En parlant du sommeil, Paul vise le découragement et l’engourdissement. Il sait que la situation de l’église dans cette période des dernières heures de la nuit ressemble à la situation de ceux qui travaillent de nuit, faisant de longues gardes de 12h : c’est au petit matin, alors même que la garde touche à sa fin, que le poids du sommeil et de la fatigue se ressent avec le plus force… De même, sur un plan spirituel, à force de voir la nuit durer, le jour tarder, on peut se laisser engourdir spirituellement et être tenté de baisser les bras. En regardant autour de nous, en voyant les souffrances, les cruautés, les perversions, la tentation est grande de désespérer et de se dire : ça ne finira donc jamais ! comment ça peut continuer comme ça ? alors à quoi bon ? à quoi bon tenir s’il n’y pas de fin ? à quoi bon me battre si la victoire ne vient pas ?

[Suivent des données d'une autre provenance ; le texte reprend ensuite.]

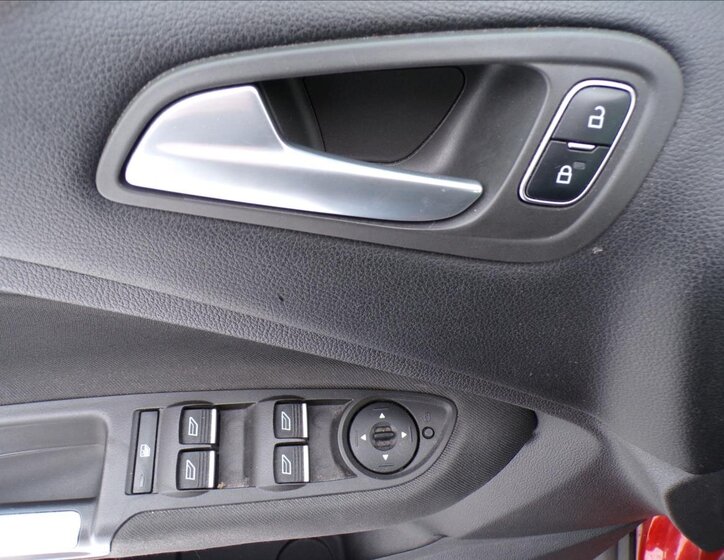 Ford C-MAX Kombi 1,5 l 110 kw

La Bible vient dissiper ce découragement et l’engourdissement, l’abandon, l’assoupissement auxquels nous risquons de céder en nous rappelant avec force ce que nous savons : le jour arrive, et la nuit est bientôt finie.

Ainsi, la lumière de Dieu qui a rayonné il y a 2000 ans n’est pas éteinte, et elle revient avec force pour illuminer notre monde. Paul nous pousse à regarder vers l’horizon, à attendre avec persévérance, à guetter l’arrivée de ce jour de joie et de justice. Et cette attente, elle doit être cohérente : le jour qui arrive sera le dernier, non pas parce que le monde va être détruit après-demain, mais parce que ce sera un règne éternel de vie et de lumière. C’est notre espérance : la vie éternelle, le salut, le royaume de Dieu, sont autant de mots pour désigner la période qui va s’ouvrir, la période ultime de notre monde : la vie avec Dieu, dans sa lumière, dans sa justice, dans sa paix. Si le dernier jour est un jour éternel, nous avons intérêt à nous y préparer, à vivre aujourd’hui dans la lumière de Dieu, qui nous a déjà atteints et qui va se manifester pleinement, bientôt.

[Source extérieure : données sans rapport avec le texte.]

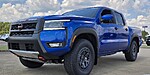 New 2027 NISSAN FRONTIER PRO-4X in SEARCY, ARKANSAS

Ce bientôt nous réveille et nous appelle à entrer en vigilance : c’est l’image de l’armure de lumière qu’il nous faut revêtir. Nous allons voir qu’il faut d’abord ôter les oripeaux de la nuit pour pouvoir nous habiller des vêtements clairs de la journée, mais je voudrais juste avant commenter le terme « armure, armes ». Ces armes ne sont pas des outils de violence, de puissance, d’oppression pour remporter la domination : comment attendre un règne de paix avec violence, un règne d’amour avec haine, un règne de joie avec la destruction ? Paul mentionne les armes non pas pour faire de nous des guerriers qui écrasent les autres, mais pour donner en exemple une attitude de soldat : la vigilance. Cette dimension de combativité fait partir intégrante de l’attente qui est la nôtre.

L’attente du jour au milieu de la nuit n’est pas une attente molle : elle est concentrée, déterminée, attentive à ne pas céder au sommeil. Parce que nous sommes encore dans la nuit, l’attente du jour reste difficile : le jour n’est pas encore visible à nos yeux, la nuit nous enveloppe, elle nous glace, elle nous décourage. Dans ces dernières heures avant l’aube, nous sommes tentés de nous assoupir, de nous rendormir. Mais le Seigneur nous appelle à tenir fermes, à nous redresser, à résister, à lutter contre le sommeil et l’influence de la nuit. Toutefois, ces armes sont de lumière, ce sont les armes de demain que nous utilisons dès aujourd’hui : rester honnêtes parce que nous croyons que la vérité va triompher, protéger les faibles parce que nous croyons que la justice va triompher, faire du bien en toutes circonstances parce que nous savons que Dieu va remplir le monde de sa bonté.

Renoncer et revêtir 

Comment alors attendre correctement le règne de Dieu qui vient ? La Bible nous présente une double démarche : enlever et endosser. Avant de mettre les habits lumineux qui conviennent au jour, nous devons ôter les vêtements de la nuit. Paul désigne par là les œuvres qui caractérisent la vie sans Dieu, privée de sa lumière. Au v.13 il donne une liste, non exhaustive, sûrement adaptée aux difficultés de l’église de Rome, mais pertinente aussi à notre époque… (v.13).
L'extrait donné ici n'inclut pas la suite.